Could the Wikidata frontend display a warning when users enter strings in Zawgyi encoding?
Background: In Myanmar, the majority of users use legacy keyboards that don’t use proper Unicode encoding. Instead, they use a pseudo-Unicode encoding that is almost like Unicode; only the Myanmar codepoints have non-standard semantics. Web browsers transmit such strings to web servers as structurally valid Unicode text, typically in UTF-8 encoding. On computer systems that implement Unicode according to spec (i.e., almost all computer systems outside Myanmar), Zawgyi-encoded text appears as illegible garbage. This is a notorious problem for all major web services, and sadly it won’t go away anytime soon (complicated story). The Unicode Myanmar FAQ recommends to catch Zawgyi as early as possible, and to store all text in proper Unicode inside the backend database. To my knowledge (which might be wrong), the Burmese Wikipedia has a group of users who manually look for Zawgyi, and manually correct mistakes in Wikipedia articles.
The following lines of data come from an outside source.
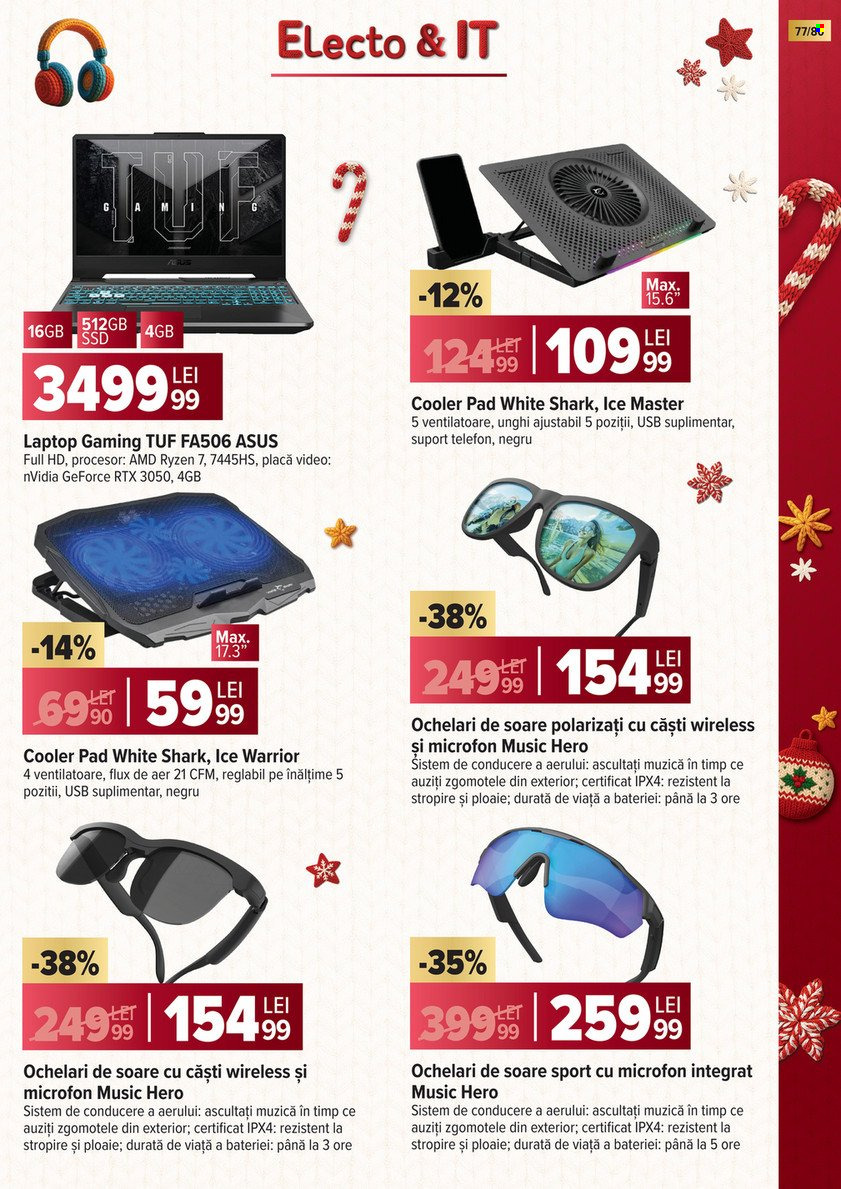 Catalog Carrefour - 05.11.2025 - 07.01.2026. Pagina 77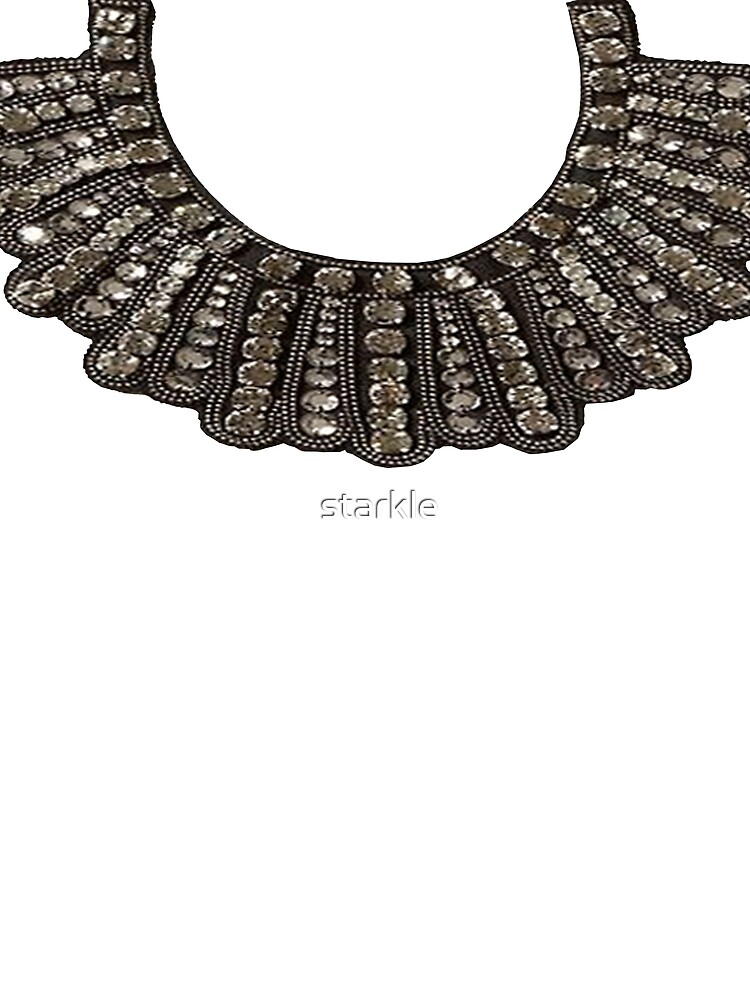 RUTH BADER GINSBURG DISSENT COLLAR RBG by starkle
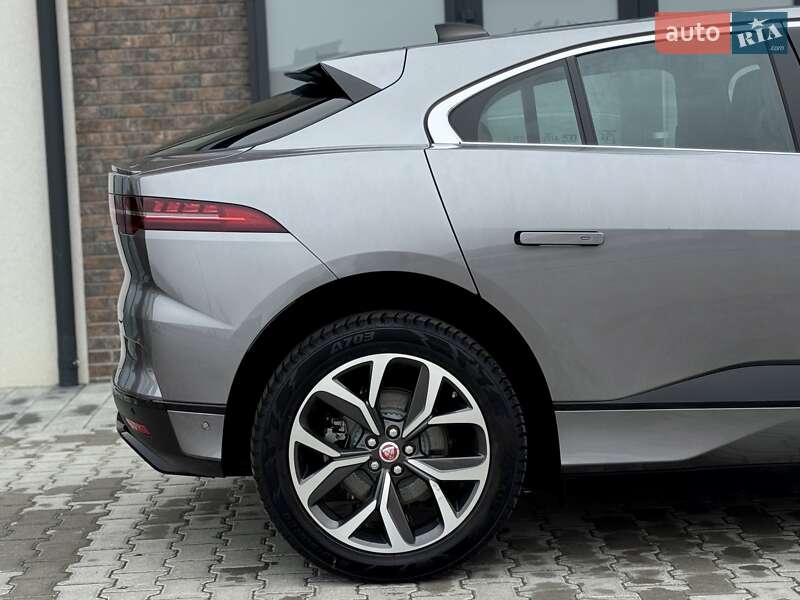 Внедорожник / Кроссовер Jaguar I-Pace 2020 в Тернополе фото 32 Внедорожник / Кроссовер Jaguar I-Pace 2020 в Тернополе
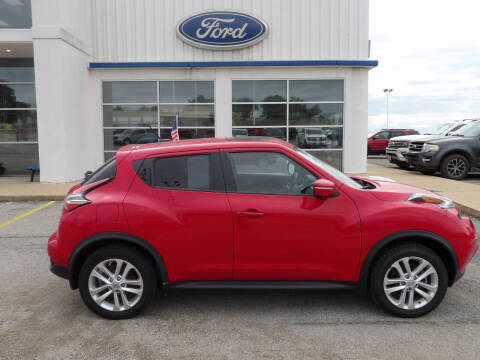 2015 Nissan JUKE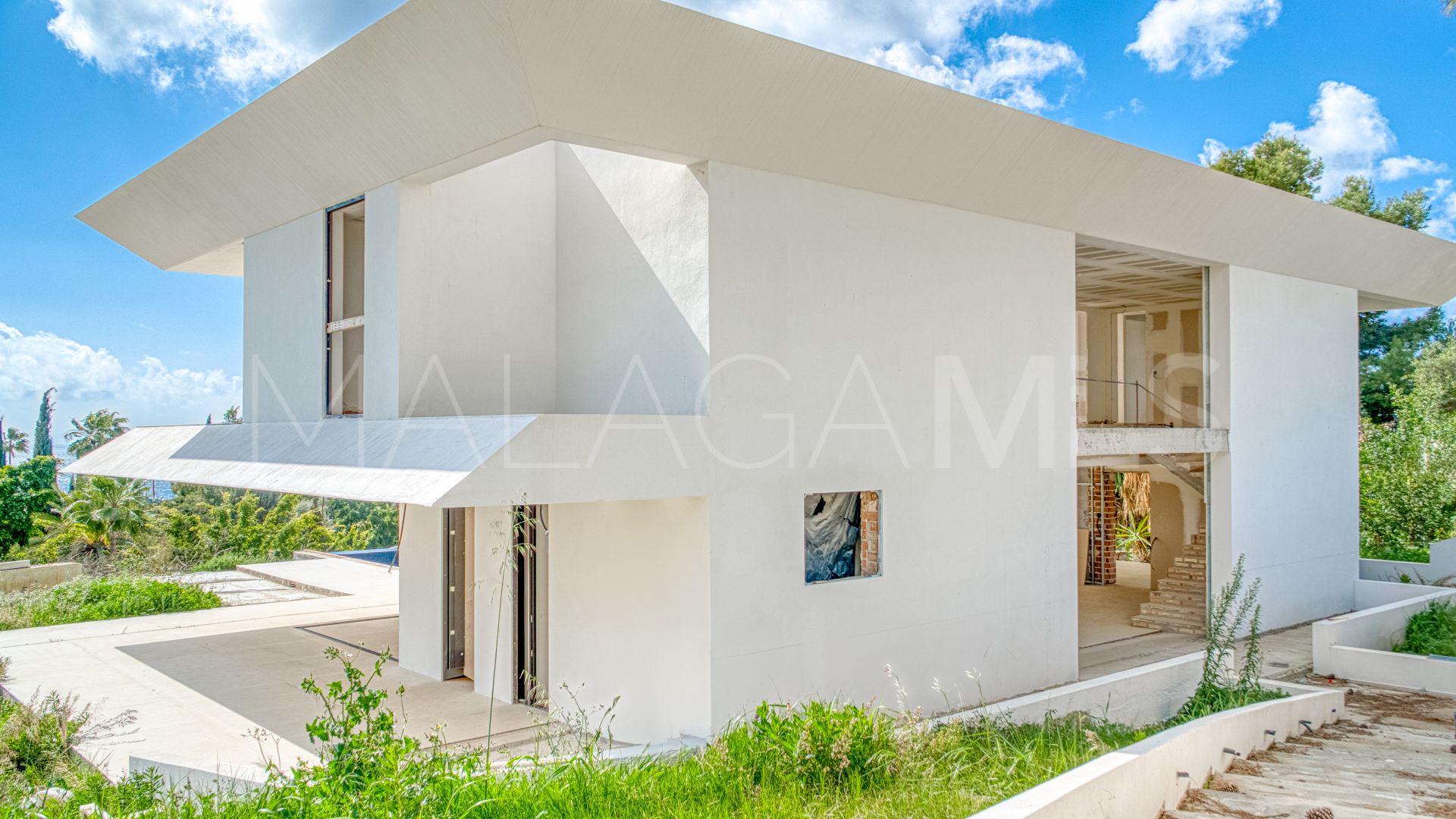 Villa for sale in Hacienda las Chapas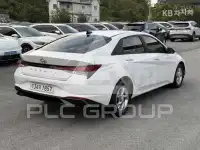 2021 Hyundai Avante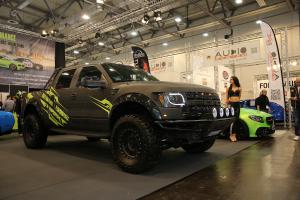 Essen Motor Show 2018 Tuning Messe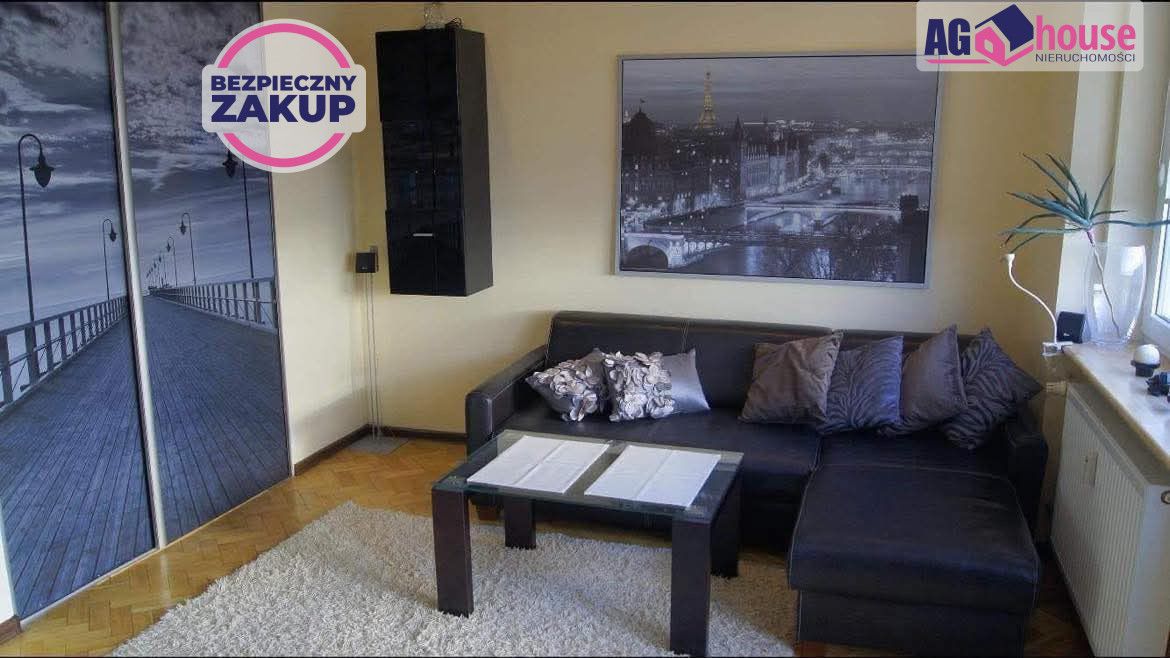 Mieszkanie 1-pokojowe Gdańsk Zaspa, ul. Pilotów. Zdjęcie 3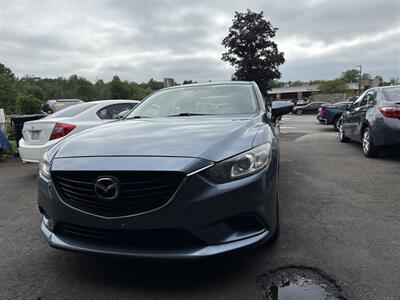 2014 Mazda Mazda6 i Sport   - Photo 1 - Burlington, MA 01803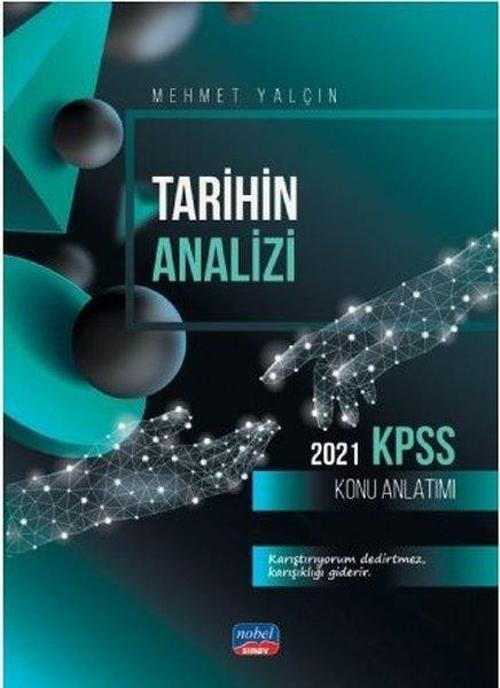 2021 KPSS Konu Anlatımı - Tarihin Analizi
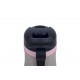 Термокружка Ringel Positive, Pink-Grey, 380 мл, нержавеющая сталь (RG-6104-380/2)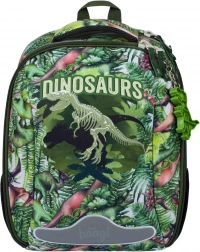 Zaino scuola Baagl Dinosauri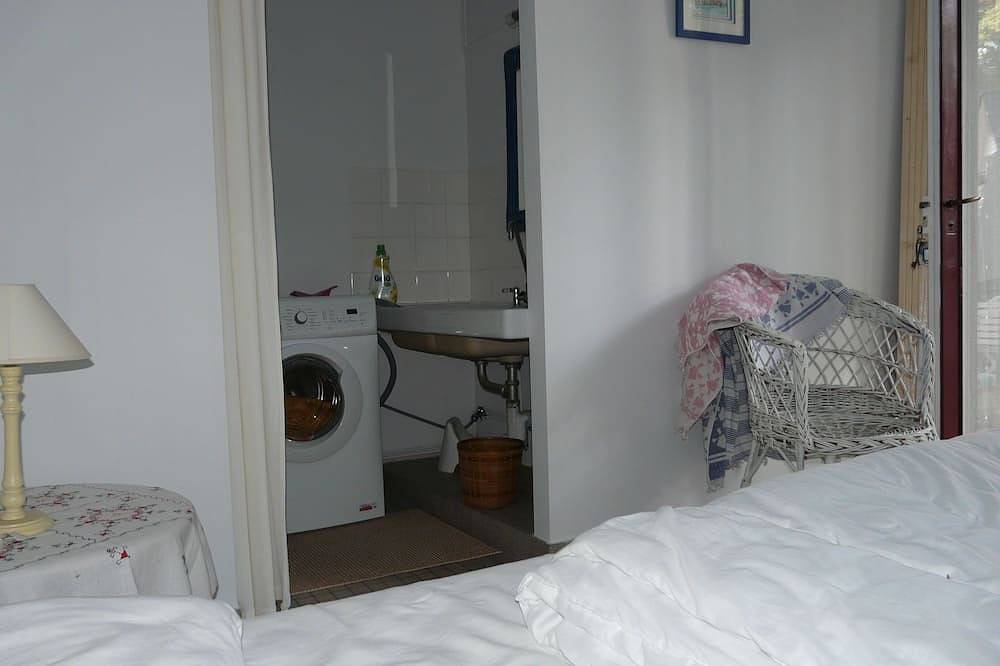 Schönes Bauloise Haus in der Quimiac Seeansicht in Quimiac, Mesquer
For Wikidata, my proposal would be to detect and discourage Zawgyi in the Wikidata user interface. When a user enters a string, Wikidata would run a Zawgyi detector. If the text has a high Zawgyi likelihood, the UI would then display a warning symbol, perhaps similar to constraint violations. Unfortunately, Zawgyi can’t be 100% reliably detected, especially not on very short strings. So users should still be able to enter a string that gets flagged. But a warning would help; users can then switch to a proper Unicode keyboard.
Zawgyi detection would only need to be called on strings with Unicode characters in the Myanmar code block. This is very fast to check, so the latency impact would be zero for most users.